The room above the Traverse theatre is a delightful setting for a meal: it’s spacious and circular with dark wooden flooring, giving a surprisingly intimate feel; the tables are arranged around a central and remarkably realistic apple tree. The staff are friendly and chatty – attentive without being obtrusive. Drinks are duly ordered and the starters arrive promptly.
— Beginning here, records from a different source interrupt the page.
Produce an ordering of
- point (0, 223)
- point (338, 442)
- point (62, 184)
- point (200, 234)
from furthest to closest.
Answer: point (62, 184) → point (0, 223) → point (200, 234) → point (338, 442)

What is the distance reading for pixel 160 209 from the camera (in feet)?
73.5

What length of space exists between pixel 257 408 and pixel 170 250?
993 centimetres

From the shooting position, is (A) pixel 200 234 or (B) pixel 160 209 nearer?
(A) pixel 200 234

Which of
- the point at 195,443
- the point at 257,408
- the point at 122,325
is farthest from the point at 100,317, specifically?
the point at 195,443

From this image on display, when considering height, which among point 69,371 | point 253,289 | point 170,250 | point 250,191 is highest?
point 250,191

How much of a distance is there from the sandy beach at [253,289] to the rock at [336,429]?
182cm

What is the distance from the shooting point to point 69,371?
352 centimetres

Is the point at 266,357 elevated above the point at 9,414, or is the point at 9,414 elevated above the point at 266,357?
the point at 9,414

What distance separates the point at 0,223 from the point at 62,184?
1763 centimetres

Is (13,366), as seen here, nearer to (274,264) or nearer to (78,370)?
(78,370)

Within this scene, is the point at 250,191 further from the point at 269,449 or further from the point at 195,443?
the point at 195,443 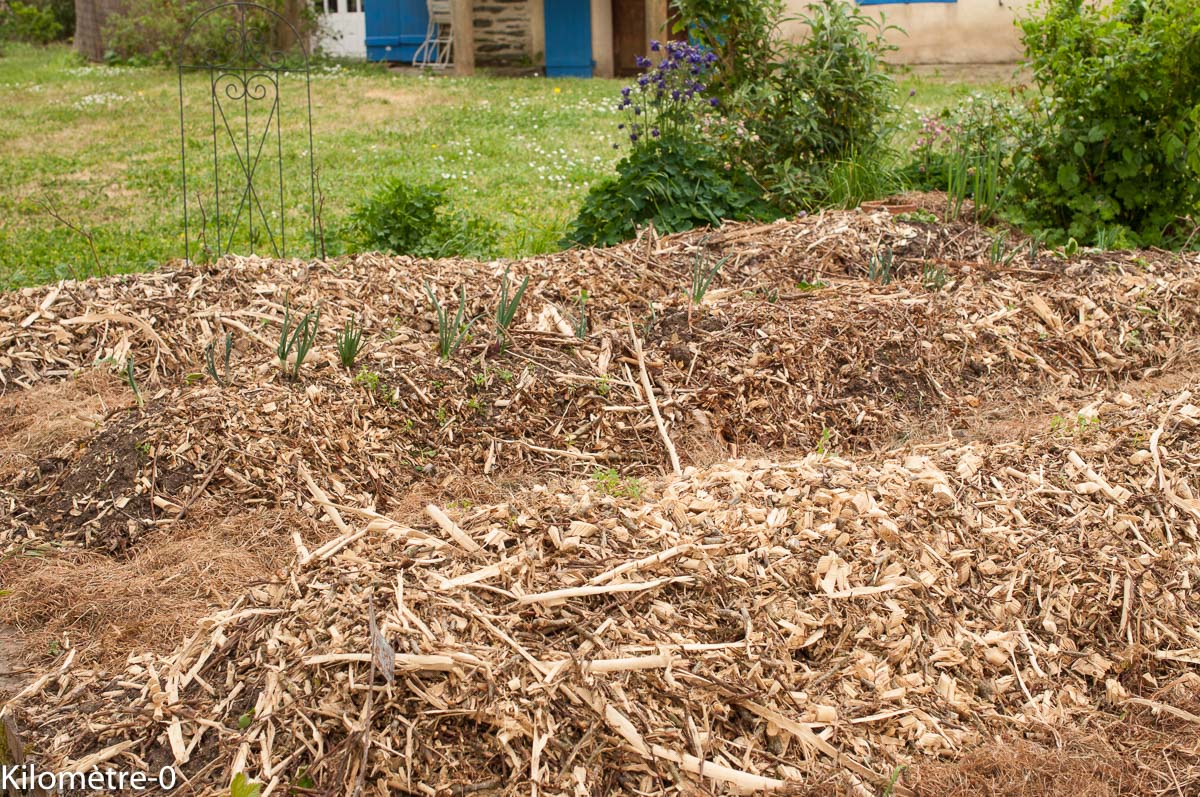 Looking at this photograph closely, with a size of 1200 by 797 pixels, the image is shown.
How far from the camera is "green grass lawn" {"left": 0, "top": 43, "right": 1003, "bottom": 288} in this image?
7.68 m

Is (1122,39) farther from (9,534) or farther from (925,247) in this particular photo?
(9,534)

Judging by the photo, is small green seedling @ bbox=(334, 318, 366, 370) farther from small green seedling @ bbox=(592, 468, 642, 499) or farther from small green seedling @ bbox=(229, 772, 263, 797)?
small green seedling @ bbox=(229, 772, 263, 797)

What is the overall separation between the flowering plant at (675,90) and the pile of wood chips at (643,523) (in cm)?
159

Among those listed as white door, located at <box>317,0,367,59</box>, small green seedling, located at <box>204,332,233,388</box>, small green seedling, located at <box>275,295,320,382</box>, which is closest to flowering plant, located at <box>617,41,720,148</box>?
small green seedling, located at <box>275,295,320,382</box>

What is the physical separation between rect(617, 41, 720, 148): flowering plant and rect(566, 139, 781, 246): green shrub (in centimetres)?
17

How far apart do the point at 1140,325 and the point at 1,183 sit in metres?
8.72

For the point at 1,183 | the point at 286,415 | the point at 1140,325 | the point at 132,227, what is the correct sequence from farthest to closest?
1. the point at 1,183
2. the point at 132,227
3. the point at 1140,325
4. the point at 286,415

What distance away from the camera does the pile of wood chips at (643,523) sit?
2.65 meters

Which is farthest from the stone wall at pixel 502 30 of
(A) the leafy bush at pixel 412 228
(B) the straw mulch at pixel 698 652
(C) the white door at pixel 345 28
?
(B) the straw mulch at pixel 698 652

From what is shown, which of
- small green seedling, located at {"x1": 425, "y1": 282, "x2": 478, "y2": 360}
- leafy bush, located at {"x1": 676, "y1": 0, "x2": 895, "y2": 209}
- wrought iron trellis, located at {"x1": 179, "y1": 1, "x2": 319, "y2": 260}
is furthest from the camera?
leafy bush, located at {"x1": 676, "y1": 0, "x2": 895, "y2": 209}

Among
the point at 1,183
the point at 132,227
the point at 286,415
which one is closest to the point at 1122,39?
the point at 286,415

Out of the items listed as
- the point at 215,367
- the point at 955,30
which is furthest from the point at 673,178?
the point at 955,30

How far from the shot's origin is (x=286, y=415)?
4.14 metres

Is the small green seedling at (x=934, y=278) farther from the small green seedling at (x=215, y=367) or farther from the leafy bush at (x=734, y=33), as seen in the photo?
the small green seedling at (x=215, y=367) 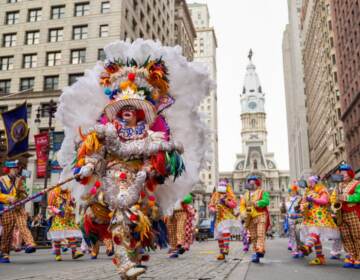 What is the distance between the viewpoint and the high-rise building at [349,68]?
37559mm

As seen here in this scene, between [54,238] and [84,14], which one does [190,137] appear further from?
[84,14]

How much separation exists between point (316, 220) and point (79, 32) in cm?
3128

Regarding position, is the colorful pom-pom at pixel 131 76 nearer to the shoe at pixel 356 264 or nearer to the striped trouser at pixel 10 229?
the striped trouser at pixel 10 229

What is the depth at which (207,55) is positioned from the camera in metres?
119

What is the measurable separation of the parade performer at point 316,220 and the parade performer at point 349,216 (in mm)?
430

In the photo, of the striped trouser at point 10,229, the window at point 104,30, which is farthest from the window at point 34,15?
the striped trouser at point 10,229

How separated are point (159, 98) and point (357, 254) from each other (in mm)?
5206

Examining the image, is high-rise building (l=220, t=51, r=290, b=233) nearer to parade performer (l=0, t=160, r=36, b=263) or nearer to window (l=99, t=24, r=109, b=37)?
window (l=99, t=24, r=109, b=37)

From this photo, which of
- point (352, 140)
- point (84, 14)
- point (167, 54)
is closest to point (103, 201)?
point (167, 54)

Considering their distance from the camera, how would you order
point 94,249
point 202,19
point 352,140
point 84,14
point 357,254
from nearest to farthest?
point 94,249 → point 357,254 → point 84,14 → point 352,140 → point 202,19

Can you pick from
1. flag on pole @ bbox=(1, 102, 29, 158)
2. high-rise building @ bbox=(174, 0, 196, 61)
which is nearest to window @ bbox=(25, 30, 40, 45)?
flag on pole @ bbox=(1, 102, 29, 158)

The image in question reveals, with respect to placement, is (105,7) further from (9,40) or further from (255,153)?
(255,153)

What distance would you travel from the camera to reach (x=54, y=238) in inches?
385

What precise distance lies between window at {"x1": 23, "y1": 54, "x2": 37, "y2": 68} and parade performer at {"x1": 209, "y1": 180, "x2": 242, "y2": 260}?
96.3ft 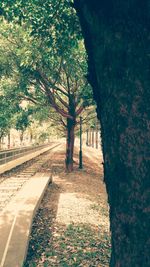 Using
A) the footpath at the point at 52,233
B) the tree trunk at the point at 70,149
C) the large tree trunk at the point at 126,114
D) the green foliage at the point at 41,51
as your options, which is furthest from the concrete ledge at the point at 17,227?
the tree trunk at the point at 70,149

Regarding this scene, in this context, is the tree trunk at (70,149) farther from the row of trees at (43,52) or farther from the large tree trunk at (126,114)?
the large tree trunk at (126,114)

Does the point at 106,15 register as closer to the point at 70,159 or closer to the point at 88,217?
the point at 88,217

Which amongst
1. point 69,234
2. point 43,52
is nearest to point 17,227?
point 69,234

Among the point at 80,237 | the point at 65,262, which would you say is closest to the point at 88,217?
the point at 80,237

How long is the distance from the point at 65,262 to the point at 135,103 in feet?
15.4

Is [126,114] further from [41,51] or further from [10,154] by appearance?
[10,154]

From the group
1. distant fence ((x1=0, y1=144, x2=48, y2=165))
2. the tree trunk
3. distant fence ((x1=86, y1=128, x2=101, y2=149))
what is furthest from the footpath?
distant fence ((x1=86, y1=128, x2=101, y2=149))

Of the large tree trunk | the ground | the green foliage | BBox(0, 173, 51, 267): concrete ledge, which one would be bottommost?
the ground

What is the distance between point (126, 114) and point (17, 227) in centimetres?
526

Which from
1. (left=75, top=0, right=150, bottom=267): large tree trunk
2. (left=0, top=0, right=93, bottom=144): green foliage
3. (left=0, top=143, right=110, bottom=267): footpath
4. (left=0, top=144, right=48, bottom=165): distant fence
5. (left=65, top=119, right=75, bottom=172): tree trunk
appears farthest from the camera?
(left=65, top=119, right=75, bottom=172): tree trunk

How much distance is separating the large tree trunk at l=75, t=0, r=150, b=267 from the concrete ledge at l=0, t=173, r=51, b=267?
3.14 meters

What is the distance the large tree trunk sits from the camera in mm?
2676

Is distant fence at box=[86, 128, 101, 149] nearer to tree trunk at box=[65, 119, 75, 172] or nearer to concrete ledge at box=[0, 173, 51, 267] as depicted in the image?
tree trunk at box=[65, 119, 75, 172]

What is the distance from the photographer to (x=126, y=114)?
2779 millimetres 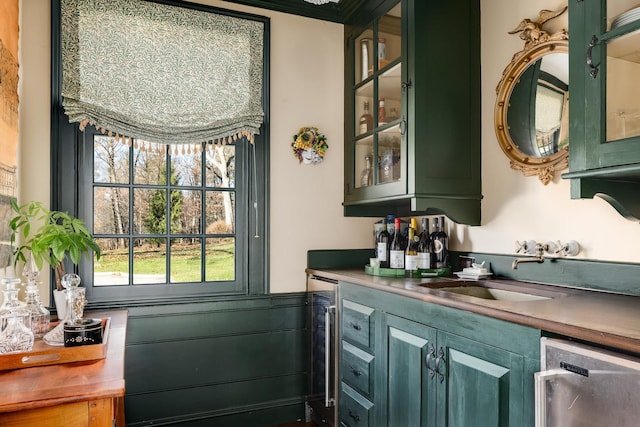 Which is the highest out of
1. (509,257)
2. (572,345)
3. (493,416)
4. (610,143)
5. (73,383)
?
(610,143)

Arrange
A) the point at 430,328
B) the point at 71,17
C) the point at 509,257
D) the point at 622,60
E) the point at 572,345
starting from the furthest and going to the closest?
the point at 71,17 → the point at 509,257 → the point at 430,328 → the point at 622,60 → the point at 572,345

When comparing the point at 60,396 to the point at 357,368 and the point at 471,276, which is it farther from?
the point at 471,276

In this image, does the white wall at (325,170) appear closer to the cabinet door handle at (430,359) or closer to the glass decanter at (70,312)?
the cabinet door handle at (430,359)

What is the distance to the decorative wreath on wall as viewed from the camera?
9.68 ft

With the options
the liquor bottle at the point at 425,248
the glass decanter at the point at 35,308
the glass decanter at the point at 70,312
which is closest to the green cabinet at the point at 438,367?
the liquor bottle at the point at 425,248

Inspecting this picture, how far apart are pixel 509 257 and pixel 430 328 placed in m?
0.68

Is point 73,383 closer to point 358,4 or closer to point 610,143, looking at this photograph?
point 610,143

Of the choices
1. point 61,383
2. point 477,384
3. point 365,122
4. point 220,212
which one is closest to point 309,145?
point 365,122

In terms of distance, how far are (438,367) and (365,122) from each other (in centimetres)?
160

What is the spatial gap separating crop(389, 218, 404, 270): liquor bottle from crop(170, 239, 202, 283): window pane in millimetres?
1153

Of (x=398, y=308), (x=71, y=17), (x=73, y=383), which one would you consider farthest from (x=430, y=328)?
(x=71, y=17)

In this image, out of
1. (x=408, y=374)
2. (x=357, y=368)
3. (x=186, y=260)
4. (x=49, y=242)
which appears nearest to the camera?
(x=408, y=374)

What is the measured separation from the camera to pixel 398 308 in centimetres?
199

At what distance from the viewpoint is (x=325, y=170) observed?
3.05m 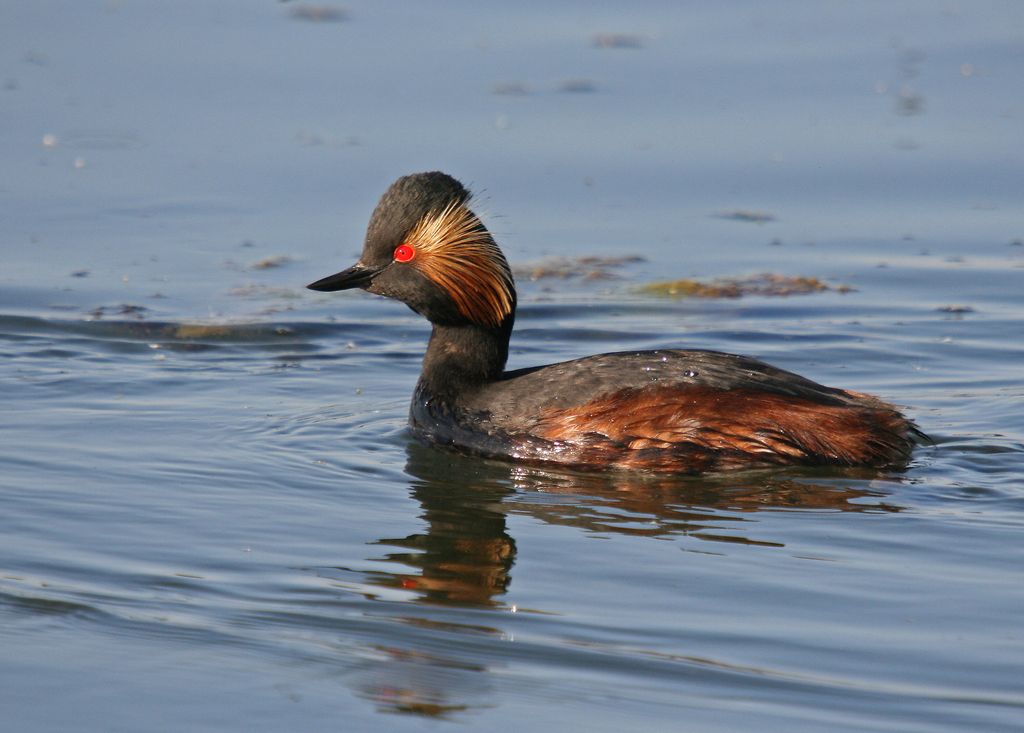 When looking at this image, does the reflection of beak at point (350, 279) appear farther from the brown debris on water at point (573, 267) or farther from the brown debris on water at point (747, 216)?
the brown debris on water at point (747, 216)

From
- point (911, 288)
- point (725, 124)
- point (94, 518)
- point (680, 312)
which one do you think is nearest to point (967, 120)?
point (725, 124)

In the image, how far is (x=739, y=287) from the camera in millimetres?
12320

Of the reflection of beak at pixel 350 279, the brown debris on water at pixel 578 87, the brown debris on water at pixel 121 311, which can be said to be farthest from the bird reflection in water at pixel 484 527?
the brown debris on water at pixel 578 87

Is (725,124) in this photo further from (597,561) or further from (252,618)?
(252,618)

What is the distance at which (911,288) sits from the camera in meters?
12.3

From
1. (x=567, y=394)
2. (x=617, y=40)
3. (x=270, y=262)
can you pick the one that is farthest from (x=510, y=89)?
(x=567, y=394)

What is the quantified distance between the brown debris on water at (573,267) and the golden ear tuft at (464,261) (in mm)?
3080

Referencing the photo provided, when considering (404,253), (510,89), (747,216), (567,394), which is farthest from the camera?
(510,89)

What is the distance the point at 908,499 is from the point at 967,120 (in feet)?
25.0

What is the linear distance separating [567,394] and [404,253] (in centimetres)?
135

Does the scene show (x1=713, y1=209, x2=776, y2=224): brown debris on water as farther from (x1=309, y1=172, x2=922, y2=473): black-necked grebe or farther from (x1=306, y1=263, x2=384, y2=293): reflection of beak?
(x1=306, y1=263, x2=384, y2=293): reflection of beak

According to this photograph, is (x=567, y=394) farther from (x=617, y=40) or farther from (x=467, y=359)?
(x=617, y=40)

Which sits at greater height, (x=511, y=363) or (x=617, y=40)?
(x=617, y=40)

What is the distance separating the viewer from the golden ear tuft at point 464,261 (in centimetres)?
943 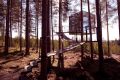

I opt for the cured sea trout, which, though not the most photogenic thing on the menu, is really quite delicious, served with pickled green apple, burnt cucumber, yoghurt and dill. Susan has the heritage tomatoes, which are bursting with flavour, nestling on goats cheese, black olive crumb, filo and basil. Our companions go for the smoked Ayrshire ham hock terrine with carrot chutney, pickled heritage carrots, watercress and sourdough. It looks splendid but I’m not offered a taste, no matter how many hints I drop!
The main courses are equally assured. Susan’s Perthshire chicken is agreeably moist and succulent, served with sweetcorn puree, burnt sweetcorn, baby gem and pickled trompettes. I sample the (very alliterative) braised brisket of borders beef (try saying that with a mouthful of garden peas!), served with truffle polenta cake, burnt onion puree and tender steam broccoli. Brisket is notoriously hard to get right, but this is as tender as you’d want, and coated with a sticky, piquant sauce. A slice of this meat nestled on a chunk of polenta cake makes for a very pleasing contrast. Excellent.
Puddings? Well, Susan orders the Blacketyside farm strawberries – these come with mascarpone, meringue, 12-year-old balsamic, basil and a scoop of strawberry sorbet. It’s a pretty spectacular concoction, hitting all the sweet notes in perfect harmony. I go for the selection of British cheese, with crackers and a rich, fruity chutney. Since cutting down on dairy products in my everyday diet, this is a chance to be a bit decadent and the three cheeses I’m served are generously proportioned and lip-smackingly good. (Had I been a bit more organised I’d have made a note of their names, but I was too busy devouring them to take time out to do that, so suffice to say that Dine does excellent cheese.)
This was fine dining prepared to a very high standard, offered at a very reasonable price in a charming location. Any way you look at it, it ticks all the boxes. With the madness of the fringe only days away, make sure you book early to avoid disappointment.